Unos problemas que especialmente se centran en el centro del campo. Mourinho apuesta en su sistema por un 4-2-3-1 en el que el papel de los mediocentros es clave tanto a la hora de generar fútbol como a la hora de defender. Y por ahí es por donde este Real Madrid tiene problemas.
Sin el mediocentro creativo que ha pedido Mourinho desde el primer día y tras el ‘no’ de Rodri, que ha preferido marcharse al Barcelona, el técnico apostó ante el Espanyol por la pareja Bernardo Silva-Valverde. Dos interiores reconvertidos a mediocentros, aunque el uruguayo ya ha jugado en esa posición.
El Real Madrid comenzó bien, con Bernardo Silva mandando, pero en cuanto el portugués desapareció, lo hizo también el Real Madrid. Eso duró los primeros 20 minutos. Después, el Espanyol apretó y superó al Real Madrid hasta lograr el tanto del empate. Valverde no cogió el testigo de Bernardo Silva y por ahí, el equipo comenzó a diluirse en el terreno de juego.

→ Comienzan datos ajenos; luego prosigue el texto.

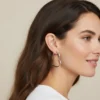 Aretes Arracadas De Plata Corazon Loved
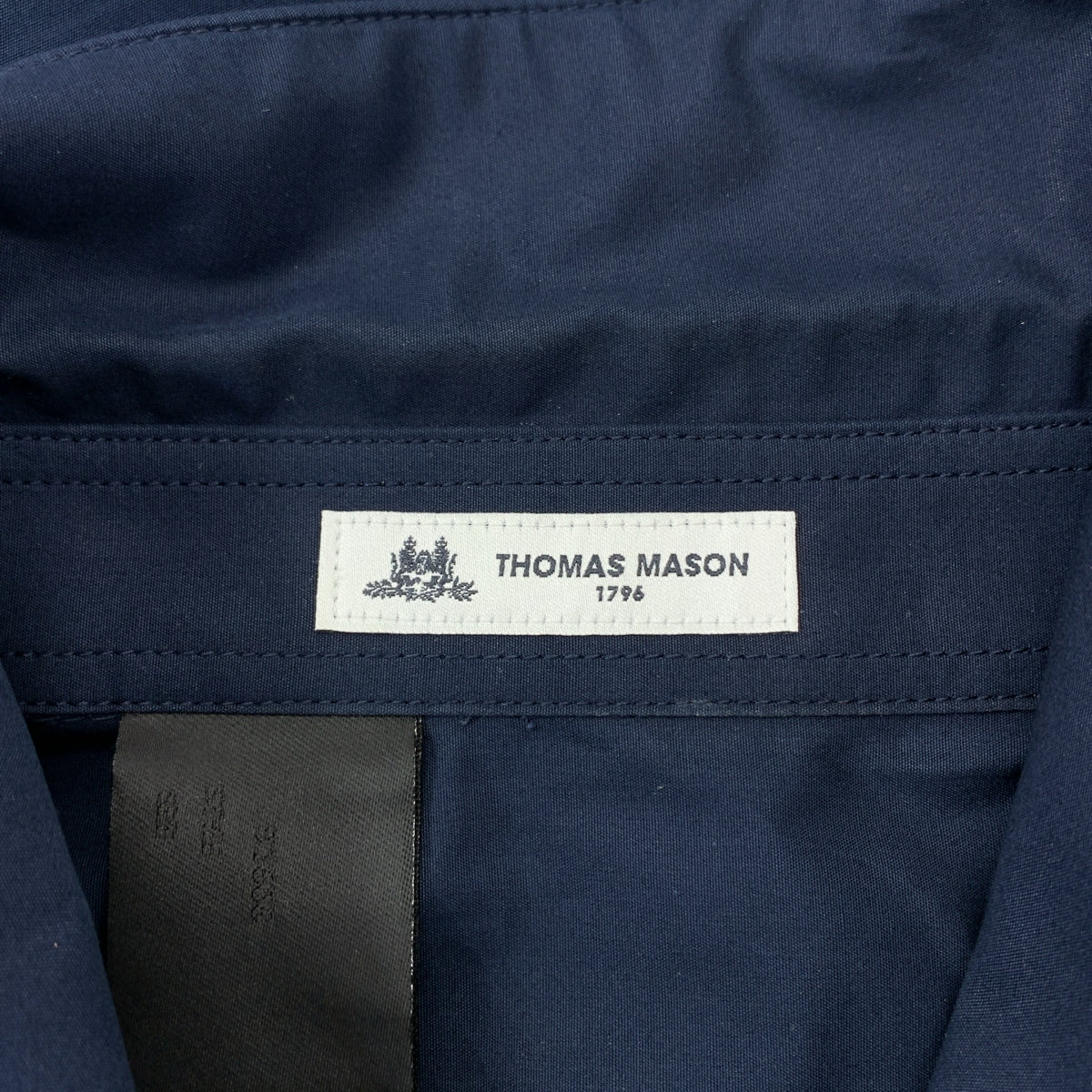 N.HOOLYWOOD / 엔 할리우드 | × THOMAS MASON / 토마스 메이슨 오버 실루엣 셔츠 | 40 | 남성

Mourinho cambió después a un 4-2-4 para buscar el triunfo y lo logró gracias al tanto de Espí en el minuto 90. Pero lo cierto es que el Real Madrid seguía sin funcionar en el centro del campo. Además, se vio que Bernardo Silva y Valverde están incómodos como mediocentros y con el uruguayo tan lejos del área, el Real Madrid pierde la potencia de su disparo desde segunda línea.
Además se vio que el Real Madrid continúa con sus problemas defensivos porque a los de arriba les cuesta un mundo bajar a defender, especialmente a Vinicius y Mbappé.
A todo eso hay que añadir que Vinicius está lejos de su mejor momento y que Mbappé se estrelló una y otra vez contra Dmitrovic, el meta del Espanyol. Diomande entró en la segunda parte para reactivar una banda derecha en la que Arda Güler estaba, pero con tendencia a irse al centro, por lo que el juego del Real Madrid se volcaba por el centro y la izquierda.
El Real Madrid ganó, sí, pero Mourinho tiene mucho trabajo por delante y, sobre todo, debe encontrar la fórmula para arreglar ese centro del campo que, por ahora, no acaba de funcionar. Y es que, por ahora, no le va a llegar ese mediocentro que tanto ha pedido.